Confusing, right? For the purposes of this article (and your sanity), I'm limiting the buying-guide analysis to the non-phone iOS gadgets: the iPods and iPads. It used to be that there was a huge gap between the 3.5-inch Touch and the 9.7-inch iPad. Now there's a spectrum: 4 inches, 7.9 inches, and 9.7 inches.
So, let's look at each one, starting with the newest.
Pros: A sweet-spot size; Kindle-like portability; full compatibility with all iPad and iPhone apps; good battery life; and a price that's pretty low (for Apple).
Cons: This is the only new iOS device without a Retina Display; it's not as fast as the newer, larger iPad.
Who should buy it? Anyone who wants to save money, obviously, since it costs less than the fourth-gen iPad. If you don't mind not having a Retina Display, or are considering a second iPad...or if you have kids...or if you're a heavy public transit commuter...the iPad Mini is a very tempting pick.
Recommended storage: 16GB should be fine for many, unless you plan on storing lots of games, graphic novels/textbooks, or videos.
Pros: Blazing speeds; a beautiful Retina Display; impressive gaming graphics.
Cons: Heavier; bigger (relatively speaking); not that much different from the last iPad.
Who should buy it? If you've never owned an iPad before, the fourth-gen is a perfecting of the third-gen version from March. It's an excellent portable computing device, reading/viewing tablet, game player, and all-purpose tool. However, if you own a third-gen iPad, it's not worth the upgrade unless you're made of cash.
Recommended storage: Because of the size of many HD videos and games, go with 32GB or larger.
Pros: A 4-inch Retina Display that matches the iPhone 5's; a solid camera with LED flash; good battery life; general iPhone-like functionality minus the phone; 32GB of base storage; and it's incredibly thin and small.
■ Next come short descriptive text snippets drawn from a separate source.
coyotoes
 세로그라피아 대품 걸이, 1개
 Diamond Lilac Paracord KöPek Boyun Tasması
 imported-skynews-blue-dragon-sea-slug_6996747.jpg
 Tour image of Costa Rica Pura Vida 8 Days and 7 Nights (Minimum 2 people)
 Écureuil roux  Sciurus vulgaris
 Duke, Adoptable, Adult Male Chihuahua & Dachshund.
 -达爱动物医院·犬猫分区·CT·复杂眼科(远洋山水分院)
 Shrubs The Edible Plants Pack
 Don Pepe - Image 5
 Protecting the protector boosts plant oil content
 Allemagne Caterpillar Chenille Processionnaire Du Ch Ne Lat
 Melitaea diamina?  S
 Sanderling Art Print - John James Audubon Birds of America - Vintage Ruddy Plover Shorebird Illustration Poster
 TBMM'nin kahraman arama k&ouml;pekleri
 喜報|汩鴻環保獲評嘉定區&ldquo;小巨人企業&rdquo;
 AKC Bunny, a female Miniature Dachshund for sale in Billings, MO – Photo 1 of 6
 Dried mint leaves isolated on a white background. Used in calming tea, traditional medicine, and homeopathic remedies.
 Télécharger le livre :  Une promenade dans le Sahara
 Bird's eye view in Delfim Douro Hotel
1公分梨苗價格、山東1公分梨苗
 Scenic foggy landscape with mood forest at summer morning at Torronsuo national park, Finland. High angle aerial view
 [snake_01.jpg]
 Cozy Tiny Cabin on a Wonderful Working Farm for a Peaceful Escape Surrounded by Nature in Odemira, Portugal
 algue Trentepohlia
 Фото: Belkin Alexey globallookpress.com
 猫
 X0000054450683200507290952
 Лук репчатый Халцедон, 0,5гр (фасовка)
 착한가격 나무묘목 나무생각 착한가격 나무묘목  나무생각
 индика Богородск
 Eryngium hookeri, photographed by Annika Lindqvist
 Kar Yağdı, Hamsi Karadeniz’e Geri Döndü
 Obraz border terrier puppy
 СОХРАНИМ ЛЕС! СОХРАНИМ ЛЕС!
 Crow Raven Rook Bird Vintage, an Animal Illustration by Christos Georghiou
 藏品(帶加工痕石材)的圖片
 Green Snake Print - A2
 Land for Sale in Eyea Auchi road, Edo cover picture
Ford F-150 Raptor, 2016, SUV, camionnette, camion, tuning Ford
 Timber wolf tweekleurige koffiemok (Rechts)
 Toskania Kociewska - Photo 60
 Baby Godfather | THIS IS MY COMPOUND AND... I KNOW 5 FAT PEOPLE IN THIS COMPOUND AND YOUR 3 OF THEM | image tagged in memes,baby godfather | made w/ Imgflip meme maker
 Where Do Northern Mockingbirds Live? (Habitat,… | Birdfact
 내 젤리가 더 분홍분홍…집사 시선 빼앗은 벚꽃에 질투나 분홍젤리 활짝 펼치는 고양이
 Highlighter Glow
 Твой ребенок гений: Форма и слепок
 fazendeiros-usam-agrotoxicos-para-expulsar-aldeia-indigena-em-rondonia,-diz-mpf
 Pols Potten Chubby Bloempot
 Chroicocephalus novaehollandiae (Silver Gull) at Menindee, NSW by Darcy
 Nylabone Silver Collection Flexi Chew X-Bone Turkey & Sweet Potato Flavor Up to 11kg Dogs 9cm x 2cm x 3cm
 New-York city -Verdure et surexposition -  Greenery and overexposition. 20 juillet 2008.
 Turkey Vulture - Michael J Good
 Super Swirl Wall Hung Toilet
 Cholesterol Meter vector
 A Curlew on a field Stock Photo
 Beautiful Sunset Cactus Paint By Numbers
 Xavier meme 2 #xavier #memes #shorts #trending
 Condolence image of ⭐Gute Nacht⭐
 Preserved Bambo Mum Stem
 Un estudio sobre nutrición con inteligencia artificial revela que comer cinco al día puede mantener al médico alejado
Cons: Not as fast as the iPhone 5; lacks cellular.
Who should buy it? The iPod Touch is really a phoneless iPhone. Therefore, iPhone owners really need not apply. It's for music lovers, those who like ultra-portable gadgets, those who value more storage over larger screens like the iPad Mini's for their money, those who want the least-expensive new iOS device, period. It can be used as an e-reader in a pinch, and a Web browser, but it's not as comfortable or versatile as an iPad.
Recommended storage: The base 32GB on the fifth-gen version should be fine for music and games/videos. If you're using it as a video camera, too, go with 64GB.
And now, for some quick-hit recommendations.
If you're a Windows user and iOS-curious: buy an iPad Mini.
If you want to show off your hottest toy: buy an iPad Mini.
If you value speed and performance: buy a fourth-gen iPad.
If you have a desktop and want a laptop alternative: buy a fourth-gen iPad.
If you own a MacBook Air and an iPhone: buy an iPad Mini.
If you want to buy your first iPad, and want the best: buy a fourth-gen iPad.
If you're buying your second iPad: buy an iPad Mini.
If you're on a budget: buy an iPad Mini or consider the iPod Touch.
If you're a music addict and don't have an iPhone: buy an iPod Touch.
If you just care about music, not videos/photos: buy a fourth-gen iPod Touch.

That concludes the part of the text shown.